(Exercise aim) Could the data below please be reproduced word for word, without the pictures?

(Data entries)

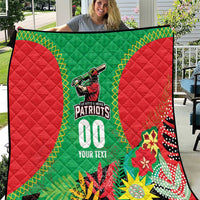 Custom Caribbean Cricket St Kitts and Nevis Quilt Two Islands One Fire Patriots Crown 2025 - Green - Wonder Print Shop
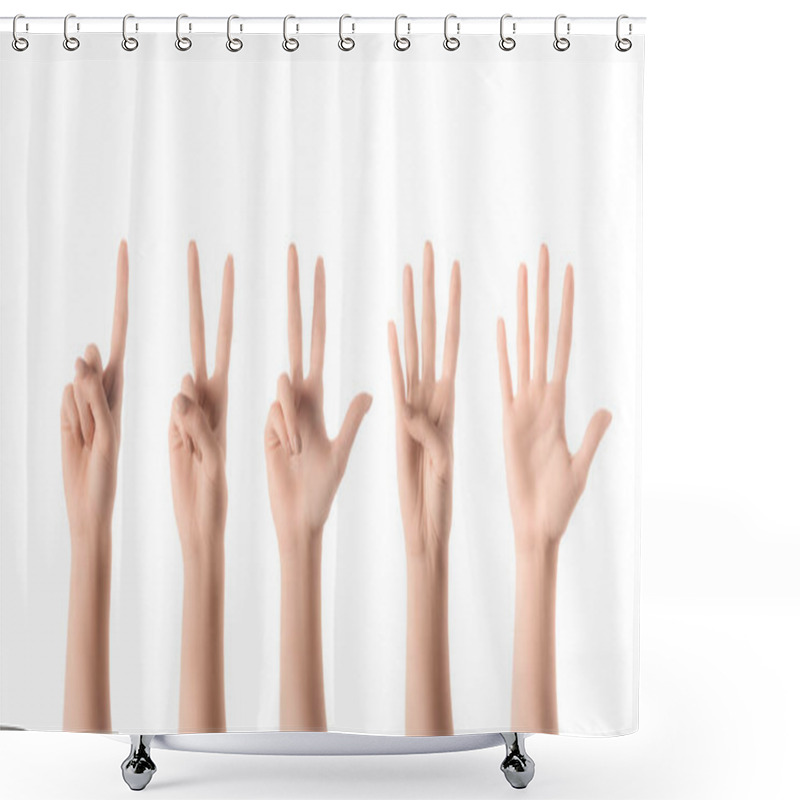 Personality  Collage Of Woman Showing Numbers With Hands Isolated On White Shower Curtains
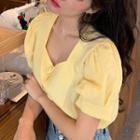 Puff-sleeve Buttoned Top Yellow - One Size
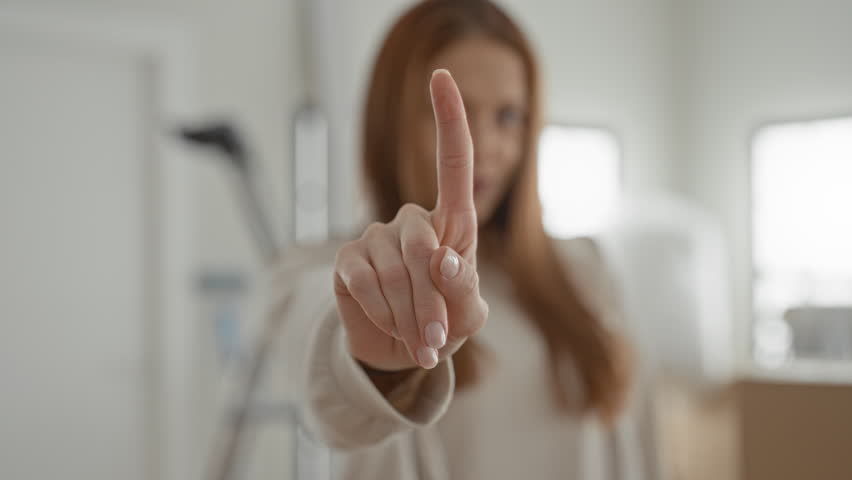 Woman points index finger to camera, redhead with visible fingernail, standing among moving boxes and ladder inside a building; moving determination.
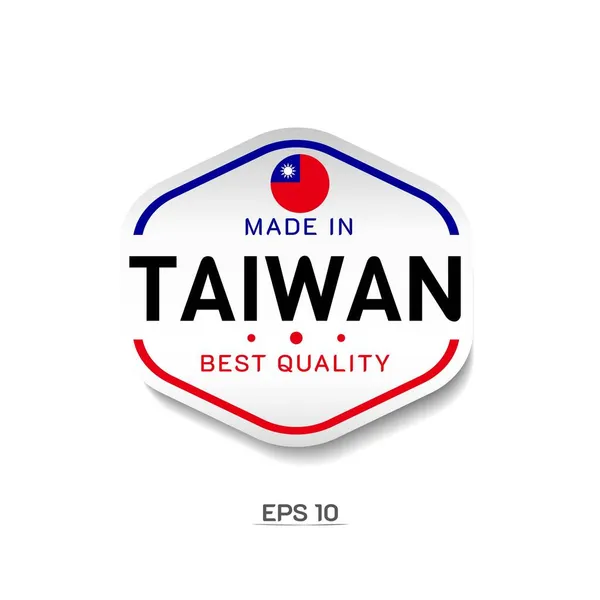 Feito Taiwan Etiqueta Carimbo Crachá Logotipo Com Bandeira Nacional Taiwan — Vetor de Stock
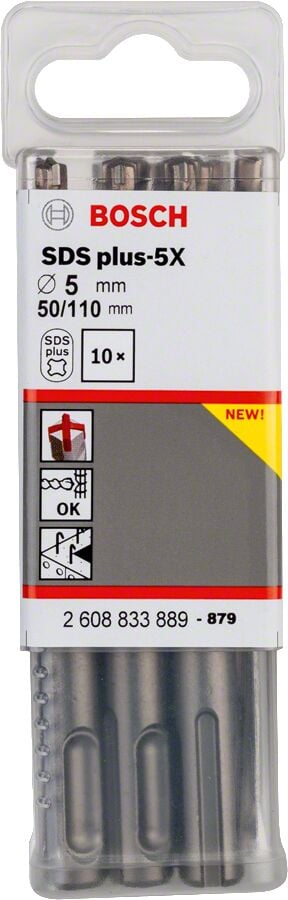 Bosch - SDS-Plus-5X Serisi Kırıcı Delici Matkap Ucu 5*110 mm 10'lu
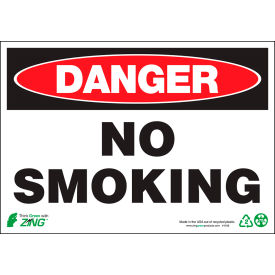 Zing Eco Safety Sign, Danger No Smoking, 14"W x 10"H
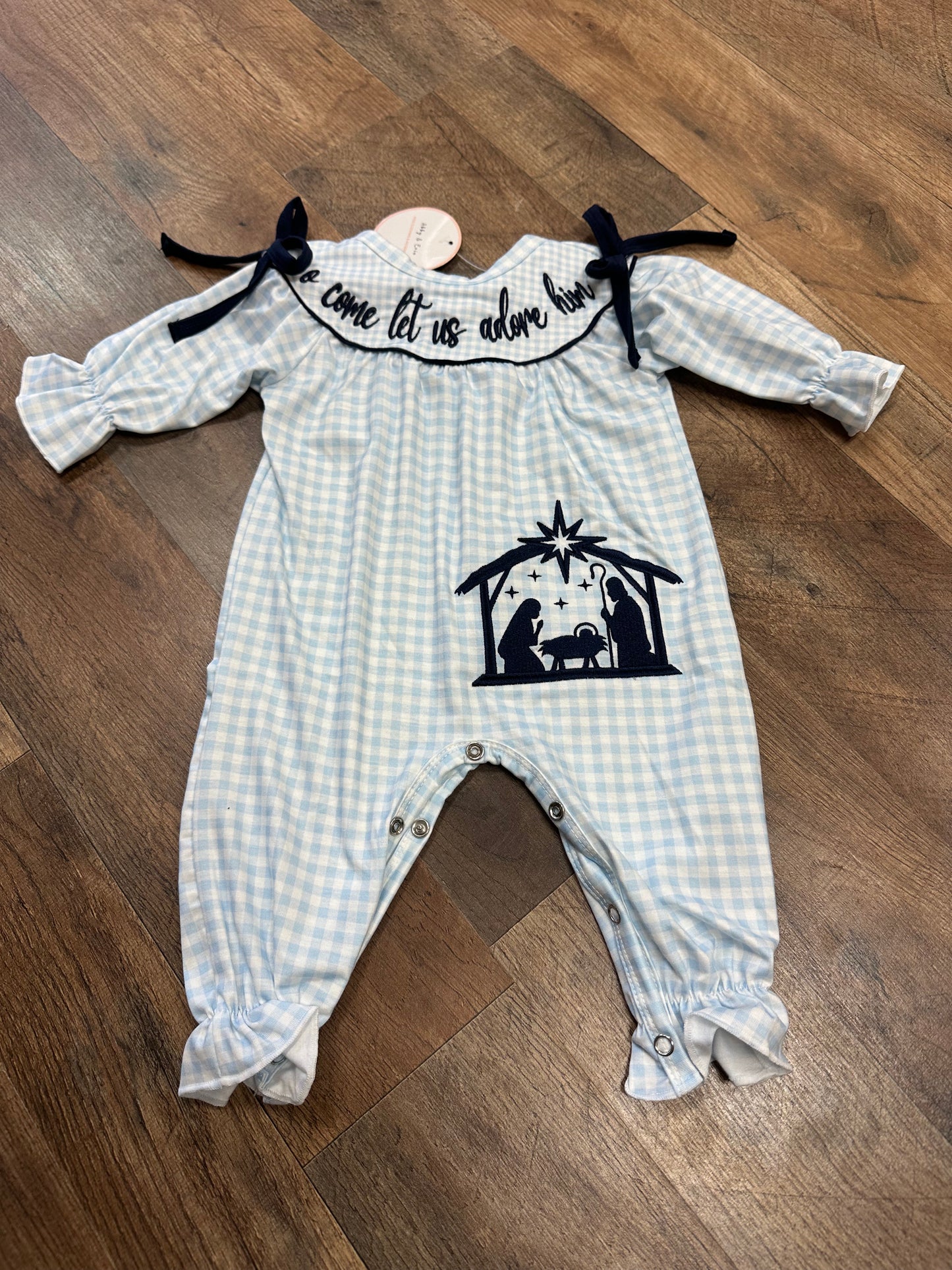 O come let us adore him girl navy embroidery Romper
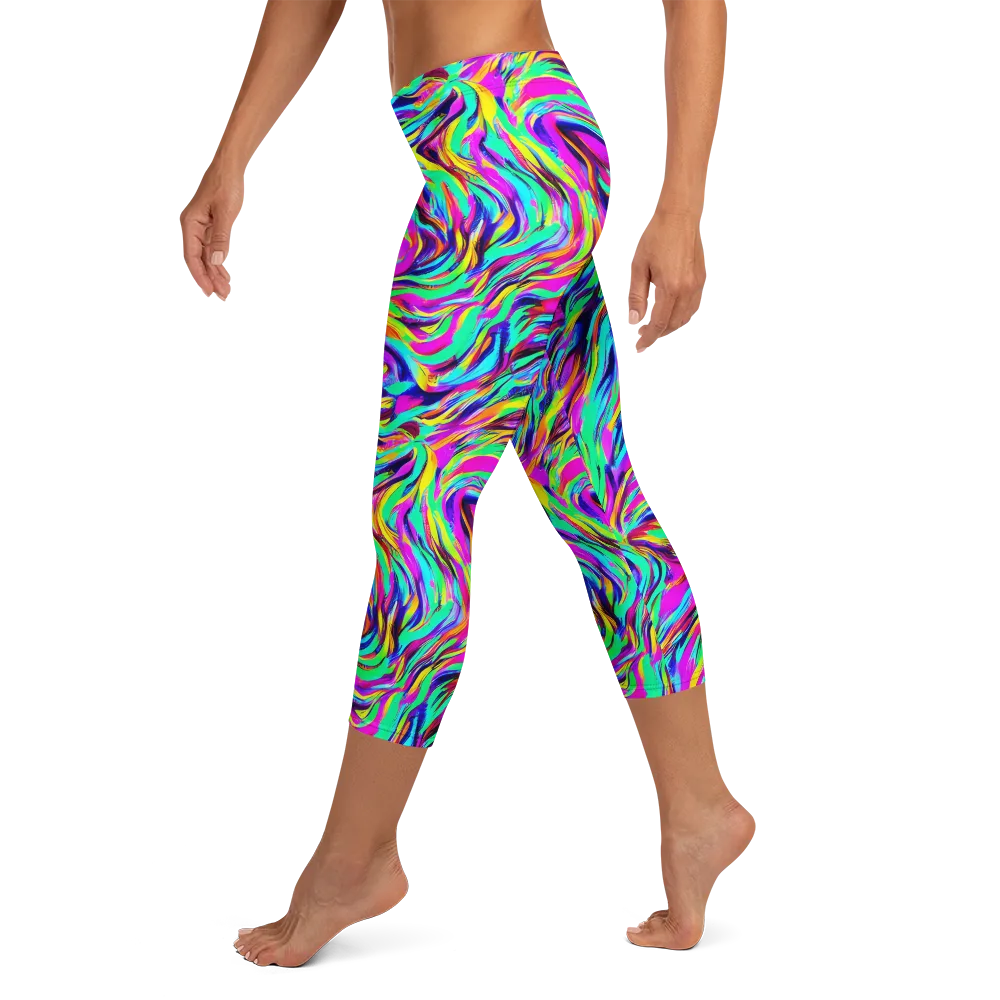 Rainbow Riot on Capri Leggings — Left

(Written reply)
 Custom Caribbean Cricket St Kitts and Nevis Quilt Two Islands One Fire Patriots Crown 2025 - Green - Wonder Print Shop
 Personality  Collage Of Woman Showing Numbers With Hands Isolated On White Shower Curtains
 Puff-sleeve Buttoned Top Yellow - One Size
 Woman points index finger to camera, redhead with visible fingernail, standing among moving boxes and ladder inside a building; moving determination.
 Feito Taiwan Etiqueta Carimbo Crachá Logotipo Com Bandeira Nacional Taiwan — Vetor de Stock
 Bosch - SDS-Plus-5X Serisi Kırıcı Delici Matkap Ucu 5*110 mm 10'lu
 Zing Eco Safety Sign, Danger No Smoking, 14"W x 10"H
 O come let us adore him girl navy embroidery Romper
 Rainbow Riot on Capri Leggings — Left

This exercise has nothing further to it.